Russia’s state-owned news agency Ria Chas reported that the defence ministry in Moscow has acknowledged that Ukrainian troops attempted an offensive in the southern Mykolaiv and Kherson regions.

"A senior official in Nova Kakhovka told Ria that civilians had been ordered to take refuge in bomb shelters," as per reports in newspapers.

The Russian defence ministry claims that Ukrainian forces have sustained significant casualties and that the "Ukrainian offensive attempt has failed miserably."

There has been a buildup of Russian troops and equipment in the region. Western intelligence assessments believe that Russia is planning an offensive of its own as the war enters into ints third phase.

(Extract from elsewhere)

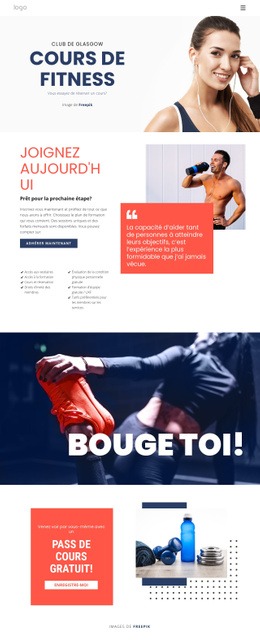 Studio De Fitness - Conception De Maquette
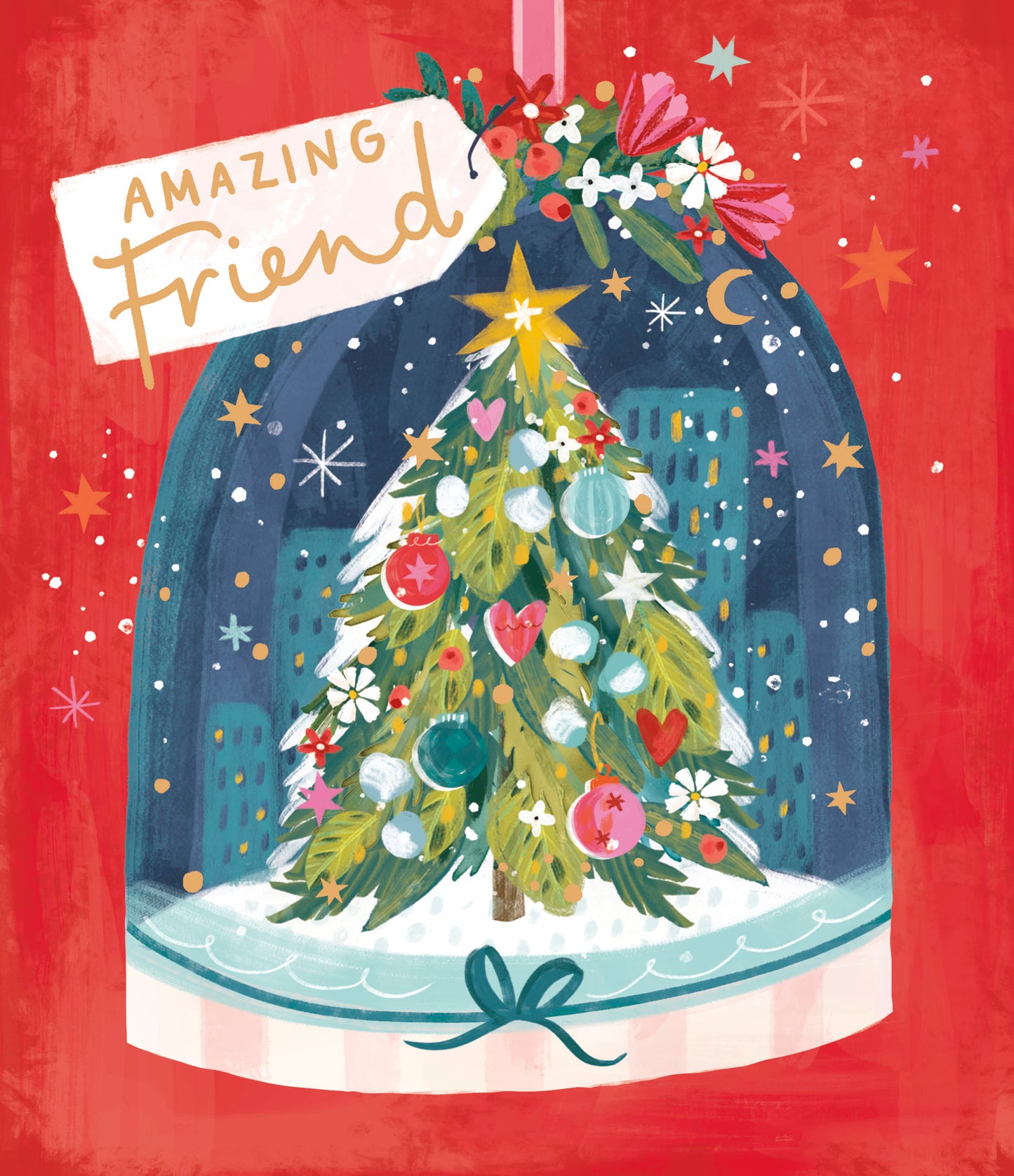 Standard Greeting Cards Friend  Deck the Halls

Ukrainian officials have told reporters that Russian forces are strong in the region – and even though morale is low among their ranks, this isn't going to be easy fro Ukraine.

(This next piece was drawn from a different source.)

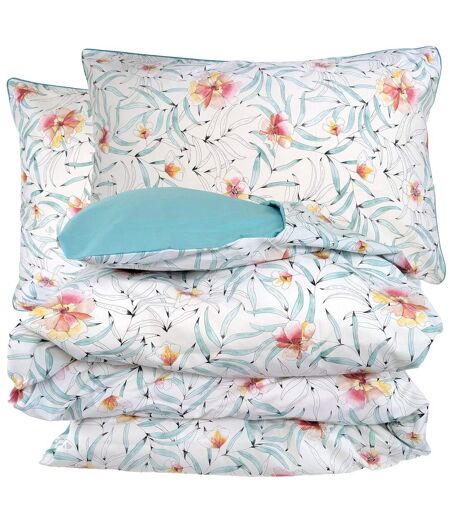 Parure de lit percale de coton ROXANE Taie 50x70 cm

Ukrainian officials claim that their operation is “a planned slow operation to grind the enemy."

“This process will not be very fast, but will end with the installation of the Ukrainian flag over all the settlements of Ukraine,” they add.

Russian positions in the region have been under artillery barrage for weeks and cut off from their supply lines.

Ukraine’s ability to conduct its claimed counteroffensive has been enhanced due to the supply of weapons by America.

However, the Pentagon “remained cautious about whether Ukraine’s current military capabilities were sufficient to make significant gains," read a report from the NYTimes.

Why Kherson? According to multiple reports, Russia plans a referendum designed to give credibility to Moscow’s claims that people of Kherson and other parts of southern Ukraine wish to be part of Russia.

"The time for a counter-offensive is now," is the sentiment in Kyiv.

Fears that European support could fade as the impact of high energy prices begins to take hold, changing weather – the likelihood of rain, which will make the countryside muddy and far harder for ground troops to traverse, all these factor only strengthen the sentiment in Kyiv.

What happens now? Well, success in any operation to regain Kherson will break a long period of deadlock.

It would persuade Western allies that the economic pain they are going through is worth it. It would pursue them that they must continue to provide the arms and funding to Ukraine that Ukraine needs as it is having a real world impact on the ground.

If the attack fails, Russia’s plans to bring the southern region of Ukraine under its full control would be reinforced and Ukraine's morale would suffer.